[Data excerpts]
------------

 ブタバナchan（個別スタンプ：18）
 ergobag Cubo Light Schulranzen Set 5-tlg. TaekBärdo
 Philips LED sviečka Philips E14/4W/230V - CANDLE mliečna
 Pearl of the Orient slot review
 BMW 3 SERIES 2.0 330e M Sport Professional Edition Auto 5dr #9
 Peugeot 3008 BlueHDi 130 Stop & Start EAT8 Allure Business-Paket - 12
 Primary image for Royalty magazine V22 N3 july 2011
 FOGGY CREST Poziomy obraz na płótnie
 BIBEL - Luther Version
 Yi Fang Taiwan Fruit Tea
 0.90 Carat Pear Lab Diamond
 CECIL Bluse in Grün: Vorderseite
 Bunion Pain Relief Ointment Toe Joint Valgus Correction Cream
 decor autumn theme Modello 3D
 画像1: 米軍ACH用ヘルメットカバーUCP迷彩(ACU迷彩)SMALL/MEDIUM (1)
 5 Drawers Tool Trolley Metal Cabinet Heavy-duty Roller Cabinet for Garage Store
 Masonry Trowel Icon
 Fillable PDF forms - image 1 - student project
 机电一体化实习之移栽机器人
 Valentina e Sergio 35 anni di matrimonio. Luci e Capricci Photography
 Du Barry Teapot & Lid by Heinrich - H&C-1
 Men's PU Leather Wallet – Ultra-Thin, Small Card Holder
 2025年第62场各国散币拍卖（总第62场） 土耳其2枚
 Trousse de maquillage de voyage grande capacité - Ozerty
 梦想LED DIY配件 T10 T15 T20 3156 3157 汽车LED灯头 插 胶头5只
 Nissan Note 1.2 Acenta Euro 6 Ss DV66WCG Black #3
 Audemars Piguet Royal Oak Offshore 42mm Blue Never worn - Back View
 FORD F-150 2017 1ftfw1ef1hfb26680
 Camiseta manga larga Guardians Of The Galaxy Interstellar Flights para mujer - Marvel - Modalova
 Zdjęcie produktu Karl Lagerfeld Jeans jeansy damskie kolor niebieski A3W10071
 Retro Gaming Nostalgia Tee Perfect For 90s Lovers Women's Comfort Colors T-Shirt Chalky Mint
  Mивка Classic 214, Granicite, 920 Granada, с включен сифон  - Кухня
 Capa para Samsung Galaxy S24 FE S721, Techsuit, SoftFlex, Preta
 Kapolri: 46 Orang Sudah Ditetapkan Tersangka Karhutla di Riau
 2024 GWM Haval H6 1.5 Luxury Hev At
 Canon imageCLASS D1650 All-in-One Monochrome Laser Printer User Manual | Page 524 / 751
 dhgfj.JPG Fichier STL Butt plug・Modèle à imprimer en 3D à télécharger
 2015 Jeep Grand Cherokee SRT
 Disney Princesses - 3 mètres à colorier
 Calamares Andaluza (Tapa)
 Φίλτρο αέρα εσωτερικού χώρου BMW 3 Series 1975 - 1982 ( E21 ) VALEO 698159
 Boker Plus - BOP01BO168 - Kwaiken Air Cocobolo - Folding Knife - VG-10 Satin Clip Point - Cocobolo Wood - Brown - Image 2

------------

## Task item
The answer should be the full set of records, reproduced exactly.

## Expected answer
 ブタバナchan（個別スタンプ：18）
 ergobag Cubo Light Schulranzen Set 5-tlg. TaekBärdo
 Philips LED sviečka Philips E14/4W/230V - CANDLE mliečna
 Pearl of the Orient slot review
 BMW 3 SERIES 2.0 330e M Sport Professional Edition Auto 5dr #9
 Peugeot 3008 BlueHDi 130 Stop & Start EAT8 Allure Business-Paket - 12
 Primary image for Royalty magazine V22 N3 july 2011
 FOGGY CREST Poziomy obraz na płótnie
 BIBEL - Luther Version
 Yi Fang Taiwan Fruit Tea
 0.90 Carat Pear Lab Diamond
 CECIL Bluse in Grün: Vorderseite
 Bunion Pain Relief Ointment Toe Joint Valgus Correction Cream
 decor autumn theme Modello 3D
 画像1: 米軍ACH用ヘルメットカバーUCP迷彩(ACU迷彩)SMALL/MEDIUM (1)
 5 Drawers Tool Trolley Metal Cabinet Heavy-duty Roller Cabinet for Garage Store
 Masonry Trowel Icon
 Fillable PDF forms - image 1 - student project
 机电一体化实习之移栽机器人
 Valentina e Sergio 35 anni di matrimonio. Luci e Capricci Photography
 Du Barry Teapot & Lid by Heinrich - H&C-1
 Men's PU Leather Wallet – Ultra-Thin, Small Card Holder
 2025年第62场各国散币拍卖（总第62场） 土耳其2枚
 Trousse de maquillage de voyage grande capacité - Ozerty
 梦想LED DIY配件 T10 T15 T20 3156 3157 汽车LED灯头 插 胶头5只
 Nissan Note 1.2 Acenta Euro 6 Ss DV66WCG Black #3
 Audemars Piguet Royal Oak Offshore 42mm Blue Never worn - Back View
 FORD F-150 2017 1ftfw1ef1hfb26680
 Camiseta manga larga Guardians Of The Galaxy Interstellar Flights para mujer - Marvel - Modalova
 Zdjęcie produktu Karl Lagerfeld Jeans jeansy damskie kolor niebieski A3W10071
 Retro Gaming Nostalgia Tee Perfect For 90s Lovers Women's Comfort Colors T-Shirt Chalky Mint
  Mивка Classic 214, Granicite, 920 Granada, с включен сифон  - Кухня
 Capa para Samsung Galaxy S24 FE S721, Techsuit, SoftFlex, Preta
 Kapolri: 46 Orang Sudah Ditetapkan Tersangka Karhutla di Riau
 2024 GWM Haval H6 1.5 Luxury Hev At
 Canon imageCLASS D1650 All-in-One Monochrome Laser Printer User Manual | Page 524 / 751
 dhgfj.JPG Fichier STL Butt plug・Modèle à imprimer en 3D à télécharger
 2015 Jeep Grand Cherokee SRT
 Disney Princesses - 3 mètres à colorier
 Calamares Andaluza (Tapa)
 Φίλτρο αέρα εσωτερικού χώρου BMW 3 Series 1975 - 1982 ( E21 ) VALEO 698159
 Boker Plus - BOP01BO168 - Kwaiken Air Cocobolo - Folding Knife - VG-10 Satin Clip Point - Cocobolo Wood - Brown - Image 2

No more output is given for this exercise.